Posted on April 21, 2013
Glynn Young highlighted this blog in his on Saturday. Thank you, Glynn, for the honor and the encouragement.
Posted on December 17, 2011
Early Fronts-piece design for The School of the Transfer of Energy, featuring a drawing of a goatsucker.
Cover for the first handbook of The School of the Transfer of Energy.
Below is a revised and very pared down introduction to what the School of the Transfer of Energy represents:
The School of the Transfer of Energy
The Institute of Signs and Levers
The School of the Transfer of Energy was established as a tool to bring a simple order and understanding to a broad range of arts, crafts and agriculture based disciplines and the outputs of those disciplines. The Institute of Signs and Levers refers to a view of those disciplines as a deliberate and purposeful technology towards the receiving, cultivation and realization of relationship to God the Father, Son and Spirit.
Posted on March 9, 2009
Here is the main stage for the School of the Transfer of Energy Puppet Theater with some interesting shadows in the morning sun.

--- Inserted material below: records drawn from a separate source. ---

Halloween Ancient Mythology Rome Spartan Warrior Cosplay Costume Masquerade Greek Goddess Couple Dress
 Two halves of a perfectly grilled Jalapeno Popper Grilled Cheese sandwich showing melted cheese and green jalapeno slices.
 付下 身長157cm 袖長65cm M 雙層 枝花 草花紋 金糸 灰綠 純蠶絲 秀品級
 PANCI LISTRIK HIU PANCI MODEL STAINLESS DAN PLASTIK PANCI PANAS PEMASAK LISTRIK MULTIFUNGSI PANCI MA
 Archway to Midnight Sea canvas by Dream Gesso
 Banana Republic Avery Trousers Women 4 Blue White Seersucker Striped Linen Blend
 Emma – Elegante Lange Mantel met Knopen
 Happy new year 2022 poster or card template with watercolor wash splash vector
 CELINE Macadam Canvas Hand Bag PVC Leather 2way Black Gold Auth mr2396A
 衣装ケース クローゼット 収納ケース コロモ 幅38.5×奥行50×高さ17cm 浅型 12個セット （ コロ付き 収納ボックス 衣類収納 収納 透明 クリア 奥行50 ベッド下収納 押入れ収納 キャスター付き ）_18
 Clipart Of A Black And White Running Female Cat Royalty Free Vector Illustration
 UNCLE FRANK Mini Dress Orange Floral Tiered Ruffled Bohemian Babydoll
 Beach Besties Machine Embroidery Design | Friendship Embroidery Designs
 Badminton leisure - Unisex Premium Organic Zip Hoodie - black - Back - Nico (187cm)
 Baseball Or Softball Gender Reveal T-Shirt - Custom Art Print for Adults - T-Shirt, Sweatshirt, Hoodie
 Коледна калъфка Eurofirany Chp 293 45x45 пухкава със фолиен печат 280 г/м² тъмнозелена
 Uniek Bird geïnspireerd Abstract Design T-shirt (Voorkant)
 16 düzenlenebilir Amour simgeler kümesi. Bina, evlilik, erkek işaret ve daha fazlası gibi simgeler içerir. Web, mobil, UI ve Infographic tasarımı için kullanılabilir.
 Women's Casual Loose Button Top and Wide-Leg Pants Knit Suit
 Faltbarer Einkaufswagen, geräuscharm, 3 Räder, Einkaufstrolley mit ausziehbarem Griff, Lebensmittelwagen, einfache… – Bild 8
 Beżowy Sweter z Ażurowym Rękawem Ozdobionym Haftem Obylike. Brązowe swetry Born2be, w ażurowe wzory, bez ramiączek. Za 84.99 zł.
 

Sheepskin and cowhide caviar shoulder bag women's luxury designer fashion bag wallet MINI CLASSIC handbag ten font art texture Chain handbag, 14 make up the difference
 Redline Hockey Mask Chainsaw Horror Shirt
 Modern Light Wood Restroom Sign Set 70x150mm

A slightly more complete picture of the same stage. Here you can see the main curtains, and the side screens. The shadow screen can be seen behind the trees of the scene in the stage. The scene, which is under construction, is John Beartrist Laceroot entering a grove of cedar trees.
Below is a peak at the mechanics of one of the rod puppets under the main stage floor.
This is the stage for the marionette narrator of the play which takes place on the stage in the preceding photos. The wooden container, which is actually used to transport part of the main stage, serves double duty as the platform for the narrator’s stage. There will be a curtain concealing the legs of the operator.